To ensure the security and integrity of United States critical infrastructure by establishing an interagency task force and requiring a comprehensive report on the targeting of United States critical infrastructure by People’s Republic of China state-sponsored cyber actors, and for other purposes.

119th Congress Introduced Apr 7, 2025

Legislative Progress

Passed House
Introduced Committee Passed
Nov 18, 2025

Received; read twice and referred to the Committee on Homeland …

Nov 18, 2025 (inferred)

Passed House (inferred from eh version)

Aug 15, 2025

Committed to the Committee of the Whole House on the …

Apr 7, 2025

Mr. Ogles (for himself, Mr. Green of Tennessee, Ms. Lee …

House Roll #287

On Motion to Suspend the Rules and Pass

Strengthening Cyber Resilience Against State-Sponsored Threats Act

Passed
402 Yea 8 Nay 23 Not Voting
Nov 18, 2025

Summary

What This Bill Does

This bill creates a federal task force to coordinate the government's response to Chinese state-sponsored hackers targeting American critical infrastructure—particularly the "Volt Typhoon" cyber espionage group that has embedded itself in U.S. power grids, water systems, transportation networks, and communications infrastructure.
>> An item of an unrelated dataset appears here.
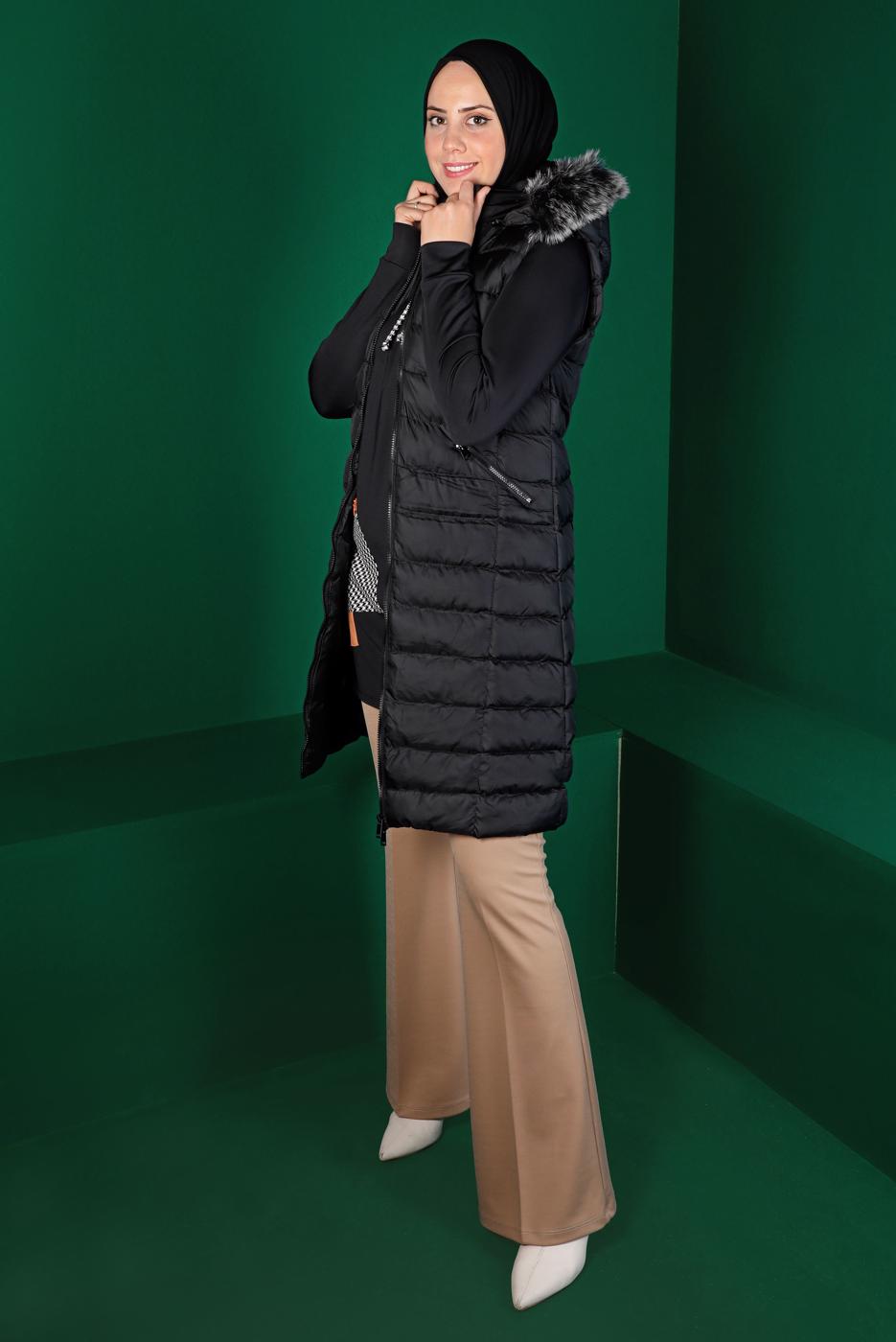 Tesettür giyim SİYAH FERMUARLI CEPLİ ŞİŞME YELEK 6060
The task force, led by the Department of Homeland Security's cybersecurity agency (CISA) and the FBI, must produce detailed classified reports over five years analyzing how vulnerable America's infrastructure is to Chinese cyber attacks and what would happen in a military conflict.

Who Benefits and How

Cybersecurity contractors and defense companies benefit from likely increased government spending on threat intelligence, digital forensics, and infrastructure protection services to support the multi-year reporting requirements. Critical infrastructure operators (utilities, transportation companies, communications providers) benefit from receiving classified threat intelligence and federal support through awareness campaigns, helping them better defend against Chinese hackers without bearing the full cost of threat analysis themselves.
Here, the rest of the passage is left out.